One of the Question Marks products for FirstEnergy Corp. is their Residential Solar Energy division. In 2022, the company invested over $10 million USD in this division, but it still holds a low market share in the residential solar energy market. The marketing strategy for this division is to promote the benefits of solar energy to homeowners and encourage them to switch to this alternative source of energy.

  • Product: Residential Solar Energy division
  • Investment in 2022: $10 million USD
  • Marketing strategy: Promote solar energy benefits to homeowners

Another Question Marks product for FirstEnergy Corp. is their Electric Vehicle (EV) Charging Stations. With the rise in popularity of electric vehicles, there is a growing market for EV charging stations. However, FirstEnergy Corp. holds less than 5% of the market share for EV charging stations in 2021. The marketing strategy for this division is to establish partnerships with automakers to promote their charging stations and encourage more consumers to switch to electric vehicles.

  • Product: Electric Vehicle Charging Stations
  • Market share in 2021: Less than 5%
  • Marketing strategy: Partner with automakers to promote charging stations

FirstEnergy Corp. also has a Question Marks product in their Energy Storage division. In 2021, the company invested $8 million USD in this division, but it holds a low market share in the energy storage market. The marketing strategy for this division is to target commercial customers and promote the benefits of energy storage solutions for their businesses.

  • Product: Energy Storage division
  • Investment in 2021: $8 million USD
  • Marketing strategy: Target commercial customers and promote energy storage solutions

Overall, FirstEnergy Corp. faces the challenge of increasing the market share of their Question Marks products quickly before they become unprofitable. The company must invest heavily in these products to gain market share or decide to sell them if they do not have potential for growth.

Overall, the Boston Consulting Group (BCG) Matrix Analysis highlights the various products/brands of FirstEnergy Corp. and their market position. The analysis has enabled us to categorize the products/brands of the organization into Stars, Cash Cows, Dogs, and Question Marks.

The Stars for FirstEnergy Corp. have a high market share and a high growth potential, while the Cash Cows generate significant cash flow due to their high market share but possess low growth potential. The Dogs have a low market share and a low growth rate, making them unprofitable for the organization. Lastly, the Question Marks have high growth potential but possess a low market share, making them riskier investments for the company.

It is essential for FirstEnergy Corp. to keep investing in their Stars, divesting their Dogs, and improving the cash flow of their Cash Cows. However, the real challenge for the organization is to increase the market share of their Question Marks products. This can only be achieved through targeted marketing, innovation, and investment in research and development.

  • Invest in Innovation: The company must keep innovating its products and services by keeping up with the latest trends in the energy sector. By investing in research and development, FirstEnergy Corp. can improve its current products and create new ones to capture more significant market share.
  • Create Targeted Marketing Strategies: The organization must identify its target segments for each product and develop tailored marketing strategies to reach them effectively.
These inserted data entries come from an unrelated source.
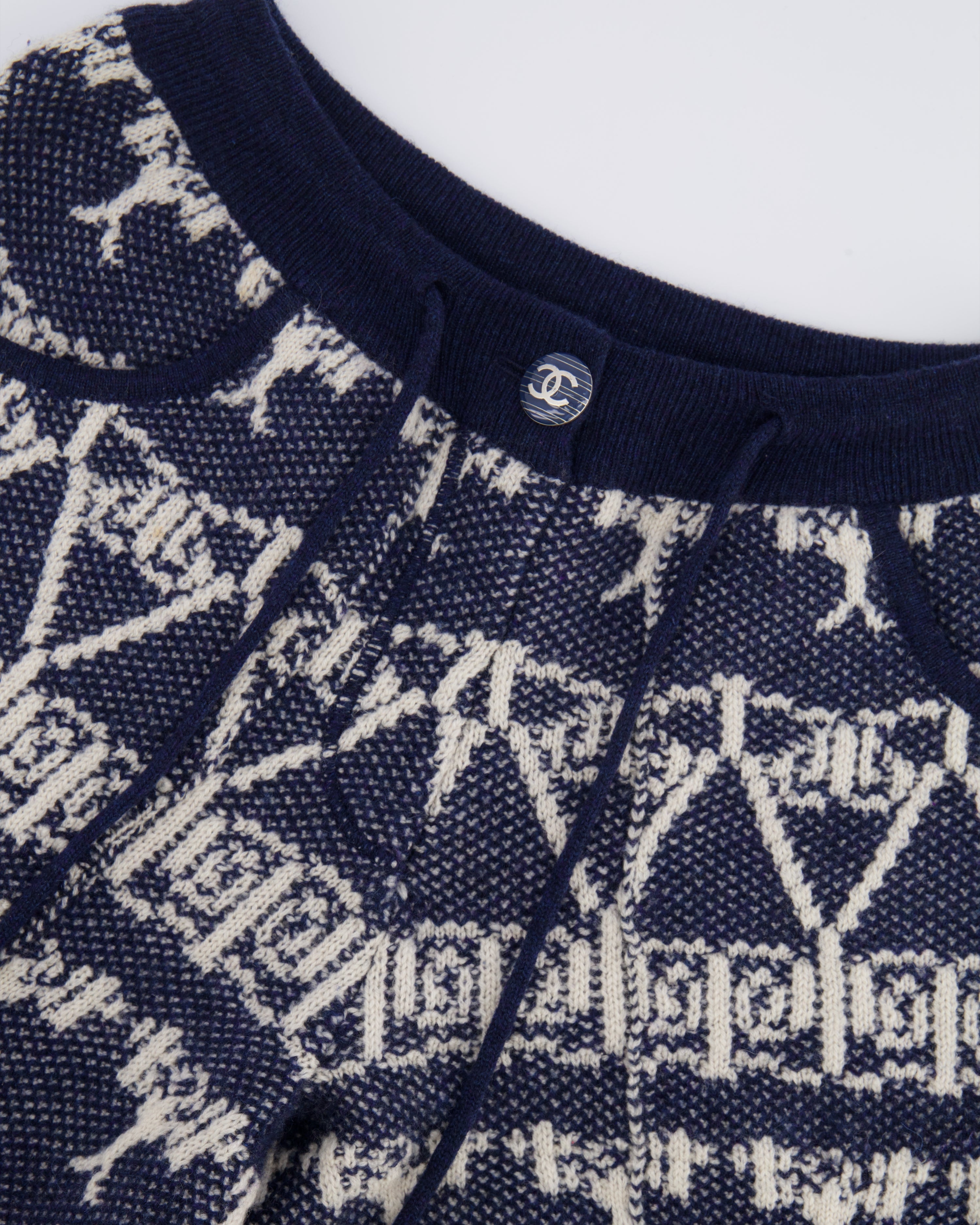 Chanel Cruise 2014 Navy and White Cashmere Knitted Trousers with Abstract Pattern and Silver and Blue Striped CC Logo Button Size FR 34 (UK 6)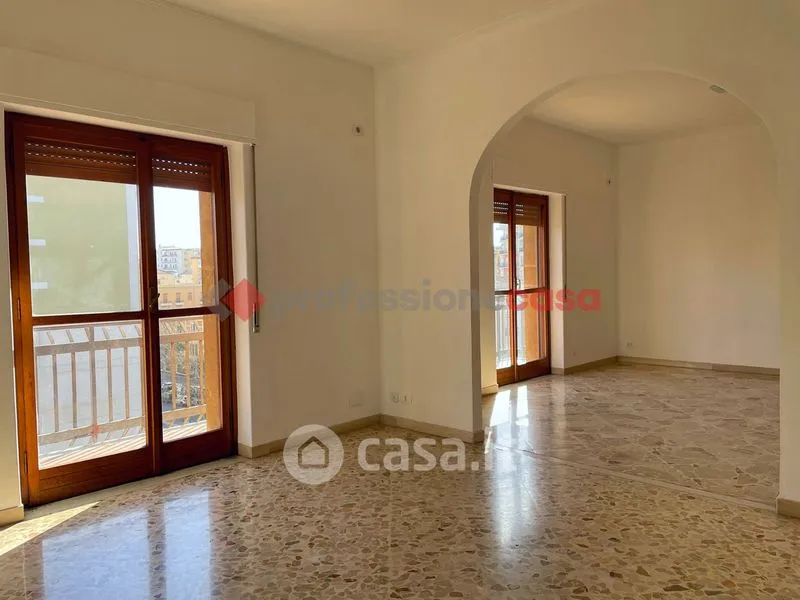 Rooms - Rented Apartment with Terrace in Catania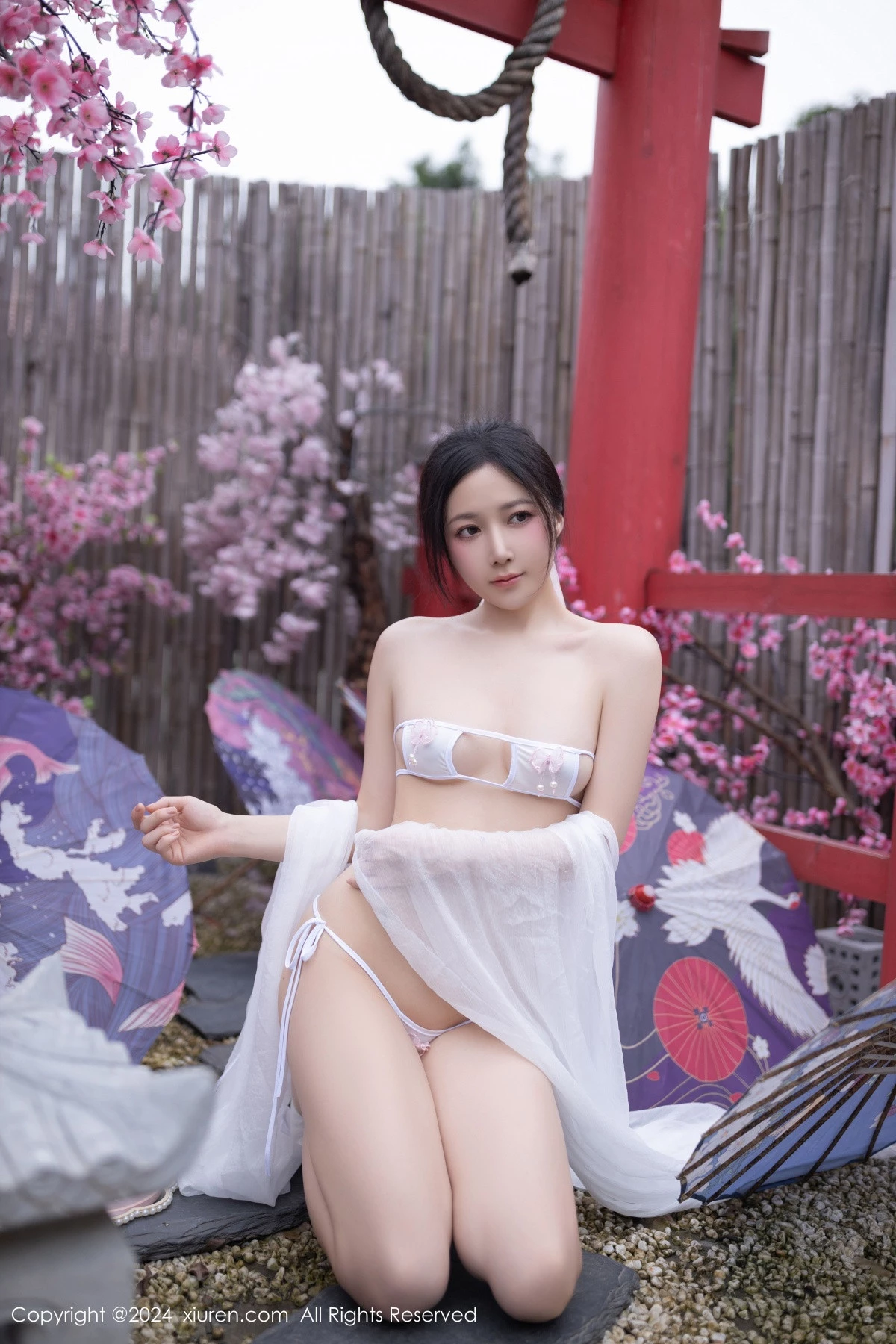 秀人集.com_[XiuRen秀人网]No.8927_模特鱼子酱Fish性感白色轻透连衣裙露白色情趣内衣迷人诱惑写真80P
This will help FirstEnergy Corp. to increase its market share for its Question Marks products.
  • Create Strategic Alliances: Developing strategic partnerships with other players in the energy market can help the organization to gain more market share. For example, creating alliances with automakers can help the company to promote its Electric Vehicle Charging Stations and increase its market share.
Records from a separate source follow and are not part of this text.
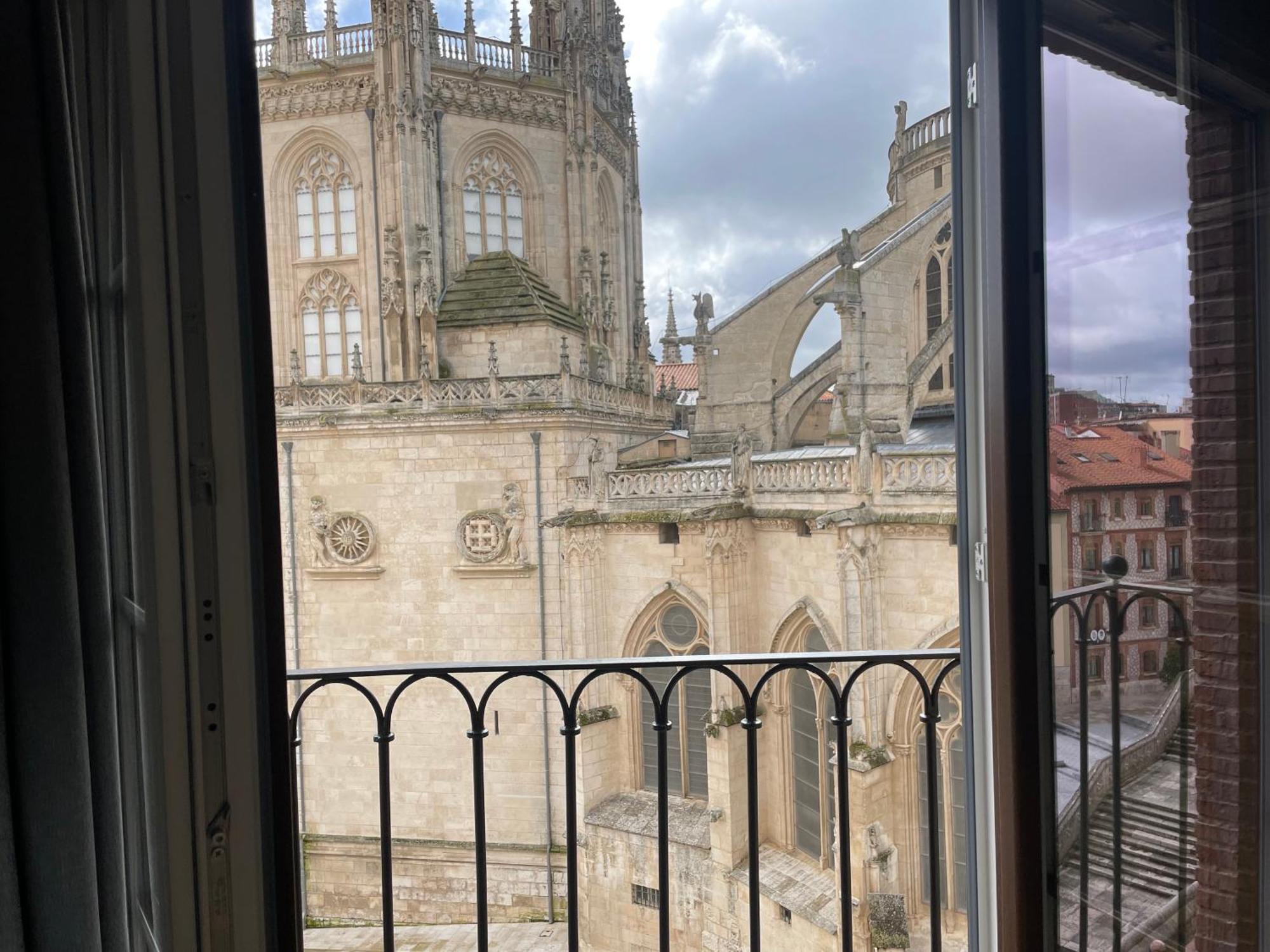 Tocando La Catedral By Exclusive Burgos Apartments Buitenkant foto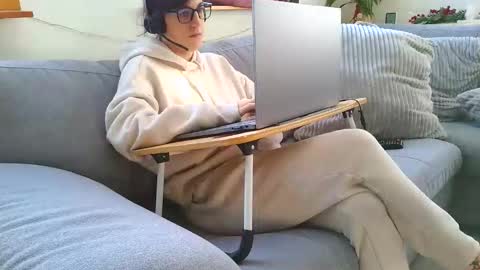 emyxxl online show from January 2026 02:32:01 PM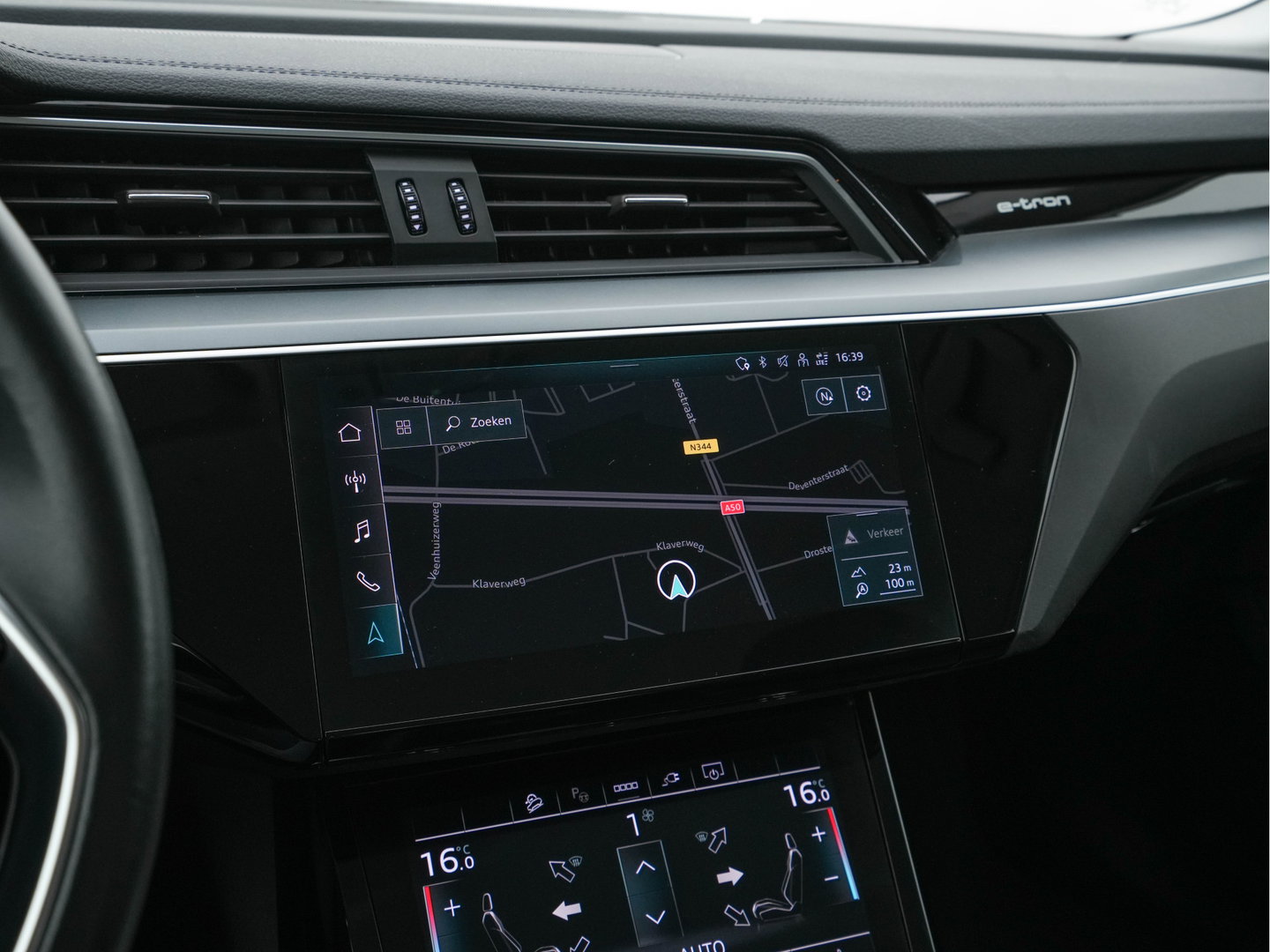 Audi e-tron 55 Quattro Edition 95 kWh [3-Fase-11kW] {SoH-95%} (INCL-BTW) *HEATPUMP | FULL-LED | HEATED-COMFORTSEATS | DIGI-COCKPIT | NAVI-FULLMAP | CAMERA | DAB+ | ECC | PDC | CRUISE | 20''ALU*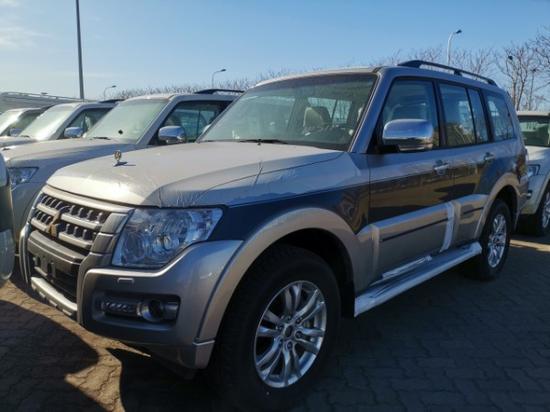 19款三菱帕杰罗V97金标顶配 V8双拼越野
In conclusion, the BCG Matrix Analysis has provided valuable insights into the products/brands of FirstEnergy Corp. The company must focus on investing in its Stars, improving the cash flow of its Cash Cows, divesting its Dogs, and increasing the market share of its Question Marks products. By doing so, FirstEnergy Corp. will be able to sustain its growth and profitability in the highly competitive energy market.